Impact loads during flood events may be the direct forces associated with waves, as typically encountered during coastal flooding, or the impact of floating debris within the floodwaters. Impact loads can be especially destructive because the forces associated with them may be an order of magnitude higher than the hydrostatic and hydrodynamic forces during the flood event. In the FEMA publication Building on Strong and Safe Foundations, which considered the effects of Hurricanes Andrew, Hugo, Charley, Katrina, and Rita, it was reported that “post-storm damage inspections show that breaking wave loads have destroyed virtually all wood-frame or unreinforced masonry walls below the wave crest.” In addition, as debris travels downstream during a flood event, it exerts impact loads on structures it may encounter. This debris may include logs, building components, and even vehicles. Whether the impact loads against the structure occur as a result of waves or floating debris, the effects can be devastating as they apply large and/or concentrated loads to the structural elements of the building. 

The Role of the Engineer

Following a flood event, there may be questions regarding the origin and extent of structural damage to a building. Often, the engineer’s role may be two-fold. First, he/she may need to serve as a forensic engineer to evaluate the origin of reported damage to a building. Then, he/she will likely be required to determine the extent of damage and provide a scope of repair for the structure. 

As a forensic engineer, his/her investigation should determine the cause of the various reported instances of damage. When the results of flood damage are severe, the cause of damage can be quite obvious. However, from time-to-time, a building owner may identify conditions following a flood such as wall cracks, ceiling cracks, or tilted basement walls that may or may not be related to the flood event. Through proper forensic investigation and analysis, the engineer should be able to determine the cause of a particular condition, and whether or not it existed prior to the flood event. Once this portion of the investigation is completed, the claims adjuster will be able to better determine the extent of loss at a particular property. 

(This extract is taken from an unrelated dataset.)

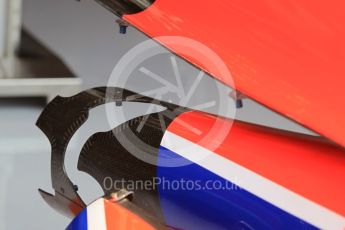 World © Octane Photographic Ltd. Manor Marussia F1 Team MR03B – engine cover. Friday 24th July 2015, F1 Hungarian GP Practice 1, Hungaroring, Hungary. Digital Ref: 1346CB1L5027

From a structural standpoint, the engineer typically will determine if the foundation and superstructure of the building have been functionally damaged by the flood event. Functional damage occurs when the structural element is no longer capable of performing its intended purpose or the life expectancy of the structural element has been measurably reduced. The engineer often makes this determination by gauging the condition of the structural element against the appropriate performance or construction standard. For example, cracks and deflections within a masonry basement wall may be evaluated to determine if the wall still meets the standards and tolerances published by the Portland Cement Association. 

Once the extent of damage has been determined, it may be necessary for the engineer to define a scope of repairs. Following a flood, these scopes of repairs will typically include the required work to restore the structure to its original (preflood) condition. From time-to-time, it may be necessary to note structural improvements needed to meet current code requirements or eliminate dangerous conditions. A claim adjuster should expect the scope of work to provide a general outline or guideline of the repairs to be performed. The goal of the scope of repairs is to assist the claim adjuster in determining the value of the loss. The scope of repairs is not intended to be an “engineered repair design.” In some cases the extent of damage or the complexity of the repair will necessitate that a professional engineer be hired to design and oversee the repairs. However, in most residential construction such oversight is typically not warranted. 

The forensic engineer may also be helpful in identifying construction and/or design deficiencies that caused or contributed to flooding damage at a particular site. Examples of such deficiencies include improperly designed and constructed levies, under-designed masonry basement walls, under-sized storm retention systems, substandard building materials, etc. This information may be useful in identifying all relevant parties in a particular loss, which may lead to subrogation considerations. 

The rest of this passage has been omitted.